• [Exercise]: From the line containing "Volkswagen ID.Buzz - boot (rear seats down)" down to the line containing "2019 Honda Ridgeline Sport" in the records below, reproduce every line exactly, ends included, and omit all others.

━━━ Records supplied

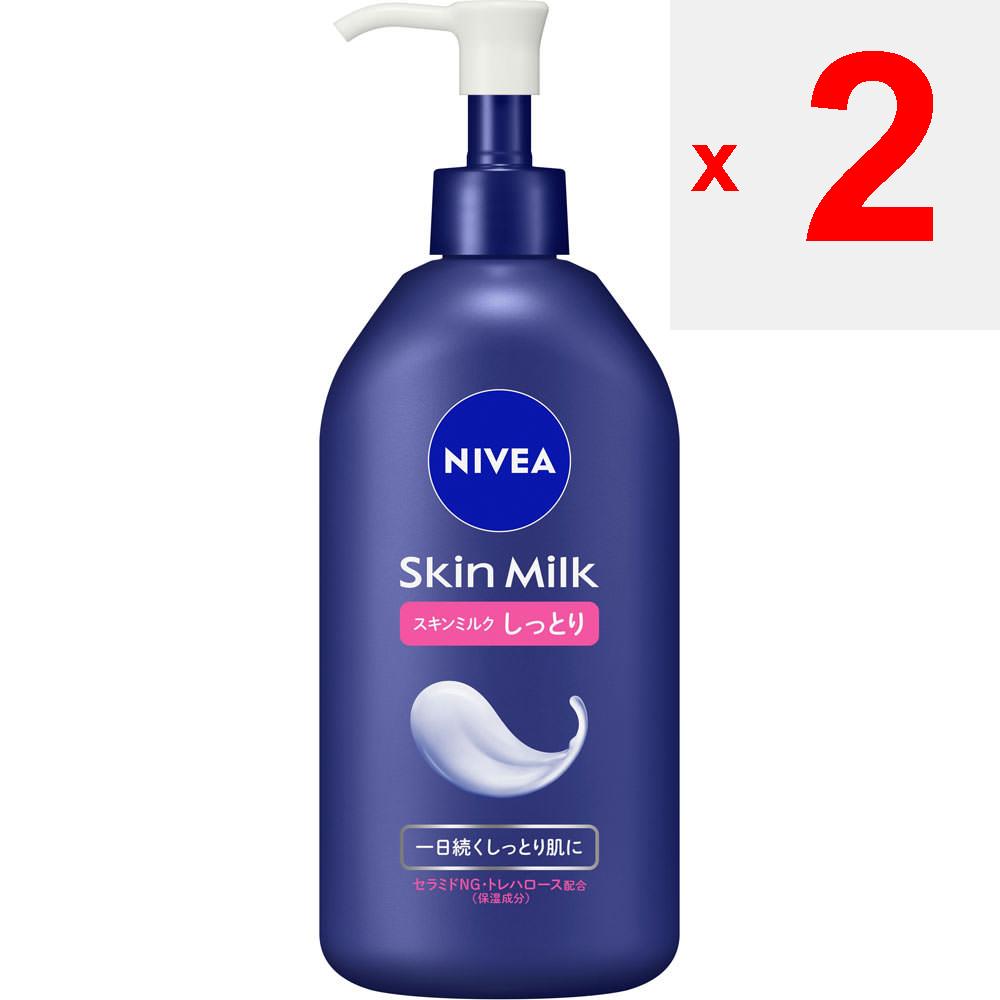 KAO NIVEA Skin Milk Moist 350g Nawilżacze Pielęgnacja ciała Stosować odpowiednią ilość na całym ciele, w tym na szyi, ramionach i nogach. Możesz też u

━━━━━━
━━━ Records supplied

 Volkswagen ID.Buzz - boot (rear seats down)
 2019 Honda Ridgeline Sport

━━━━━━

• [Answer below]:
 Volkswagen ID.Buzz - boot (rear seats down)
 2019 Honda Ridgeline Sport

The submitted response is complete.